What you will do: From the line containing "Black Carbon Steel" down to the line containing "Schneider OffGrid Portable" in the records below, reproduce every line exactly, ends included, and omit all others.
== Segment start ==
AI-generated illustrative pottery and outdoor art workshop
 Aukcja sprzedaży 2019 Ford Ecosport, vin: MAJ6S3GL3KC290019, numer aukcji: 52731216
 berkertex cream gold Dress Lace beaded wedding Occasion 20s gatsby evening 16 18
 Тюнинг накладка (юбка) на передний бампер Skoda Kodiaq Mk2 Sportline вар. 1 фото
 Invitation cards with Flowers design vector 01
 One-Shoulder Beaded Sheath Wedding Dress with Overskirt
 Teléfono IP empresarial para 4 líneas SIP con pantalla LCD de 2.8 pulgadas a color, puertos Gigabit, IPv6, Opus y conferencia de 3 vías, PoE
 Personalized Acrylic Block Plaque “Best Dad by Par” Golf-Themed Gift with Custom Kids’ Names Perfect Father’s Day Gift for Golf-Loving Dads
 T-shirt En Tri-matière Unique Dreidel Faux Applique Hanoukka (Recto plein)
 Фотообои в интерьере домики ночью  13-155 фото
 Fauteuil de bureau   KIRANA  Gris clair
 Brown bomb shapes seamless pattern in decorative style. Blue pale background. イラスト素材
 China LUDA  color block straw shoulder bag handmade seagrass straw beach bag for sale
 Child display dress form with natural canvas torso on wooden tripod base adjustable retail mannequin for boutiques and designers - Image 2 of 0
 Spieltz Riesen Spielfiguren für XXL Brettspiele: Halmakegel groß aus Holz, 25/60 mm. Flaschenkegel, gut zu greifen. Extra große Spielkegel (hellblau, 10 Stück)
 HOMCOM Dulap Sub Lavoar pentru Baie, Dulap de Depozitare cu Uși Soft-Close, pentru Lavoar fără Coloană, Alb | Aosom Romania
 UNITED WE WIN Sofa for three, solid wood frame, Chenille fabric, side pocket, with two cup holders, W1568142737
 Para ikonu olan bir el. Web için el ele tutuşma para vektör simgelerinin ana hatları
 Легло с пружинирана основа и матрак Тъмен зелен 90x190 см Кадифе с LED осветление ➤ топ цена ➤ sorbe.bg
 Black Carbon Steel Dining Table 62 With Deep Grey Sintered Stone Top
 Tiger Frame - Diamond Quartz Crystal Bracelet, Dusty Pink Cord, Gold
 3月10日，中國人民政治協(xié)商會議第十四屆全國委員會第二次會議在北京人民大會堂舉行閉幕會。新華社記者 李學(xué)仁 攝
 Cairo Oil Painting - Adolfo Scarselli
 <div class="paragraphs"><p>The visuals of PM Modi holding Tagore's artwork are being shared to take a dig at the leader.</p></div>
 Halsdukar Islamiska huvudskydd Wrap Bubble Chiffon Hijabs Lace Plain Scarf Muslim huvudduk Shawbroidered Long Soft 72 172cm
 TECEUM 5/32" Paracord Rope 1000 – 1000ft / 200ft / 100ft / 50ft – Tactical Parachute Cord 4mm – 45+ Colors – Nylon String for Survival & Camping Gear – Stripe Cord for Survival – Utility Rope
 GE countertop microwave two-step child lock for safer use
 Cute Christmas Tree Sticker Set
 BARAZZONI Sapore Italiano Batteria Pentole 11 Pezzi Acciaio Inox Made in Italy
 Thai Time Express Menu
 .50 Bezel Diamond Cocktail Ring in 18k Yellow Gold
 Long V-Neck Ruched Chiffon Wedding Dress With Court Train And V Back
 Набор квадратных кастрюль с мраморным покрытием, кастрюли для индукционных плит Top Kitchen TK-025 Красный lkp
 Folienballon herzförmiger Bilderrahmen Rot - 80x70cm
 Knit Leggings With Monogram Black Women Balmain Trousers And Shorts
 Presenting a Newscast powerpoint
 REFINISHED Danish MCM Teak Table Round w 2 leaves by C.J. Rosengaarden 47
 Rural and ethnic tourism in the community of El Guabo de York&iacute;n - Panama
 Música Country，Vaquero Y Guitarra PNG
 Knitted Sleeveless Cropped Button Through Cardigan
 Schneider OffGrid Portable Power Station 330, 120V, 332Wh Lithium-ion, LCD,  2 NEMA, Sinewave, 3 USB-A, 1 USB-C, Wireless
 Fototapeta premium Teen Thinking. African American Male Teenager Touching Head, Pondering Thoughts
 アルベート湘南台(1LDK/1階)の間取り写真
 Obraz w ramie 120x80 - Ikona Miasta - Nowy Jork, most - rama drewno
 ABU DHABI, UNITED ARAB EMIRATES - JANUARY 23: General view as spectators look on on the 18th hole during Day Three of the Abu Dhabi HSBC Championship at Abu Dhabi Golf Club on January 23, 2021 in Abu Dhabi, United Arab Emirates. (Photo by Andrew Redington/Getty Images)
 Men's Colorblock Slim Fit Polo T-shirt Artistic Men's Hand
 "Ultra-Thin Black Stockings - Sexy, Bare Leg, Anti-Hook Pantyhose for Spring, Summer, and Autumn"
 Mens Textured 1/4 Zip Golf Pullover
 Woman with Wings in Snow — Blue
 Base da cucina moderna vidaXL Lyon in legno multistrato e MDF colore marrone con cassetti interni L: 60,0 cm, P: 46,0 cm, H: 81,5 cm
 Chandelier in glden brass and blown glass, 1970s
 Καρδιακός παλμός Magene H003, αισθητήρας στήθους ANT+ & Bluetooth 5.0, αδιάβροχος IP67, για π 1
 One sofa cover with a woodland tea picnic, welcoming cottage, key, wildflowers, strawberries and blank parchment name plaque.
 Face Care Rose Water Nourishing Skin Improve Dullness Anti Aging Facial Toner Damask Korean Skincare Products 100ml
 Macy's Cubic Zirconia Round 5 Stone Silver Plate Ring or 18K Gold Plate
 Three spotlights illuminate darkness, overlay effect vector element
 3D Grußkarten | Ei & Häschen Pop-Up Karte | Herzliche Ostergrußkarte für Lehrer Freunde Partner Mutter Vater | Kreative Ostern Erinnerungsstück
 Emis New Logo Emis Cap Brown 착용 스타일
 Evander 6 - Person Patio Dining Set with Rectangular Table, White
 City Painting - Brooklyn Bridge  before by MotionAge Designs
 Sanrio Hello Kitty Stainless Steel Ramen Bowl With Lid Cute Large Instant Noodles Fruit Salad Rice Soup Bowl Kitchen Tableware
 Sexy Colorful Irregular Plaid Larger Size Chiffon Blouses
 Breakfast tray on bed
== Segment end ==
Written response:
 Black Carbon Steel Dining Table 62 With Deep Grey Sintered Stone Top
 Tiger Frame - Diamond Quartz Crystal Bracelet, Dusty Pink Cord, Gold
 3月10日，中國人民政治協(xié)商會議第十四屆全國委員會第二次會議在北京人民大會堂舉行閉幕會。新華社記者 李學(xué)仁 攝
 Cairo Oil Painting - Adolfo Scarselli
 <div class="paragraphs"><p>The visuals of PM Modi holding Tagore's artwork are being shared to take a dig at the leader.</p></div>
 Halsdukar Islamiska huvudskydd Wrap Bubble Chiffon Hijabs Lace Plain Scarf Muslim huvudduk Shawbroidered Long Soft 72 172cm
 TECEUM 5/32" Paracord Rope 1000 – 1000ft / 200ft / 100ft / 50ft – Tactical Parachute Cord 4mm – 45+ Colors – Nylon String for Survival & Camping Gear – Stripe Cord for Survival – Utility Rope
 GE countertop microwave two-step child lock for safer use
 Cute Christmas Tree Sticker Set
 BARAZZONI Sapore Italiano Batteria Pentole 11 Pezzi Acciaio Inox Made in Italy
 Thai Time Express Menu
 .50 Bezel Diamond Cocktail Ring in 18k Yellow Gold
 Long V-Neck Ruched Chiffon Wedding Dress With Court Train And V Back
 Набор квадратных кастрюль с мраморным покрытием, кастрюли для индукционных плит Top Kitchen TK-025 Красный lkp
 Folienballon herzförmiger Bilderrahmen Rot - 80x70cm
 Knit Leggings With Monogram Black Women Balmain Trousers And Shorts
 Presenting a Newscast powerpoint
 REFINISHED Danish MCM Teak Table Round w 2 leaves by C.J. Rosengaarden 47
 Rural and ethnic tourism in the community of El Guabo de York&iacute;n - Panama
 Música Country，Vaquero Y Guitarra PNG
 Knitted Sleeveless Cropped Button Through Cardigan
 Schneider OffGrid Portable Power Station 330, 120V, 332Wh Lithium-ion, LCD,  2 NEMA, Sinewave, 3 USB-A, 1 USB-C, Wireless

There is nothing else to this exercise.